(Short descriptive text snippets)
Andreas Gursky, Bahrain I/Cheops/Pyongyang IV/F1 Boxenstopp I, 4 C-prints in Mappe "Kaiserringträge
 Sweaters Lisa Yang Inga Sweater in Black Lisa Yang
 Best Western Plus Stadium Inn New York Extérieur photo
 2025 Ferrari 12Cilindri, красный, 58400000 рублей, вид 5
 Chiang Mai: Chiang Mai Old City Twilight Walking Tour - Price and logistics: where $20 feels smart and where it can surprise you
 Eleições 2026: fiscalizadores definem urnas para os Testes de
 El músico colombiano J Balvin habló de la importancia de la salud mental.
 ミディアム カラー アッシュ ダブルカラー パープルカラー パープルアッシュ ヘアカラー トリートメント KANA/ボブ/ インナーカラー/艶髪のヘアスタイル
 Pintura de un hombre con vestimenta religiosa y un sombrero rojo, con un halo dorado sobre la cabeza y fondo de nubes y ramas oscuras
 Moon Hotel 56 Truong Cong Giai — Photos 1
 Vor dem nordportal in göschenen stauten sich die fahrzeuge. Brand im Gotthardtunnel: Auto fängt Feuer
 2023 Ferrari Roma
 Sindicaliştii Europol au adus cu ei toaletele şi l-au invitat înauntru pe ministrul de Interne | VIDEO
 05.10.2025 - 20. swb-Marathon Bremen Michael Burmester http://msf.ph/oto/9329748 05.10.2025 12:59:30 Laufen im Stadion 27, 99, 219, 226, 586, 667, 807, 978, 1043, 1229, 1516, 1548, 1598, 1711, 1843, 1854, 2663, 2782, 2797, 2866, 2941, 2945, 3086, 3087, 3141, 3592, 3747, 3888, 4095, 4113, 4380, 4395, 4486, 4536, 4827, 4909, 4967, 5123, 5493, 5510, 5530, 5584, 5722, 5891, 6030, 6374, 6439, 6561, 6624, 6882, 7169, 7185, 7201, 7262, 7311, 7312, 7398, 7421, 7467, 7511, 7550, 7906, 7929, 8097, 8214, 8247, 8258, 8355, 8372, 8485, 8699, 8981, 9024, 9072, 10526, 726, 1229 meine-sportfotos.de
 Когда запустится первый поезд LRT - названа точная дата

_What the task requires_. The response should consist of the entries above, retyped exactly.

_Solution to this problem_.
Andreas Gursky, Bahrain I/Cheops/Pyongyang IV/F1 Boxenstopp I, 4 C-prints in Mappe "Kaiserringträge
 Sweaters Lisa Yang Inga Sweater in Black Lisa Yang
 Best Western Plus Stadium Inn New York Extérieur photo
 2025 Ferrari 12Cilindri, красный, 58400000 рублей, вид 5
 Chiang Mai: Chiang Mai Old City Twilight Walking Tour - Price and logistics: where $20 feels smart and where it can surprise you
 Eleições 2026: fiscalizadores definem urnas para os Testes de
 El músico colombiano J Balvin habló de la importancia de la salud mental.
 ミディアム カラー アッシュ ダブルカラー パープルカラー パープルアッシュ ヘアカラー トリートメント KANA/ボブ/ インナーカラー/艶髪のヘアスタイル
 Pintura de un hombre con vestimenta religiosa y un sombrero rojo, con un halo dorado sobre la cabeza y fondo de nubes y ramas oscuras
 Moon Hotel 56 Truong Cong Giai — Photos 1
 Vor dem nordportal in göschenen stauten sich die fahrzeuge. Brand im Gotthardtunnel: Auto fängt Feuer
 2023 Ferrari Roma
 Sindicaliştii Europol au adus cu ei toaletele şi l-au invitat înauntru pe ministrul de Interne | VIDEO
 05.10.2025 - 20. swb-Marathon Bremen Michael Burmester http://msf.ph/oto/9329748 05.10.2025 12:59:30 Laufen im Stadion 27, 99, 219, 226, 586, 667, 807, 978, 1043, 1229, 1516, 1548, 1598, 1711, 1843, 1854, 2663, 2782, 2797, 2866, 2941, 2945, 3086, 3087, 3141, 3592, 3747, 3888, 4095, 4113, 4380, 4395, 4486, 4536, 4827, 4909, 4967, 5123, 5493, 5510, 5530, 5584, 5722, 5891, 6030, 6374, 6439, 6561, 6624, 6882, 7169, 7185, 7201, 7262, 7311, 7312, 7398, 7421, 7467, 7511, 7550, 7906, 7929, 8097, 8214, 8247, 8258, 8355, 8372, 8485, 8699, 8981, 9024, 9072, 10526, 726, 1229 meine-sportfotos.de
 Когда запустится первый поезд LRT - названа точная дата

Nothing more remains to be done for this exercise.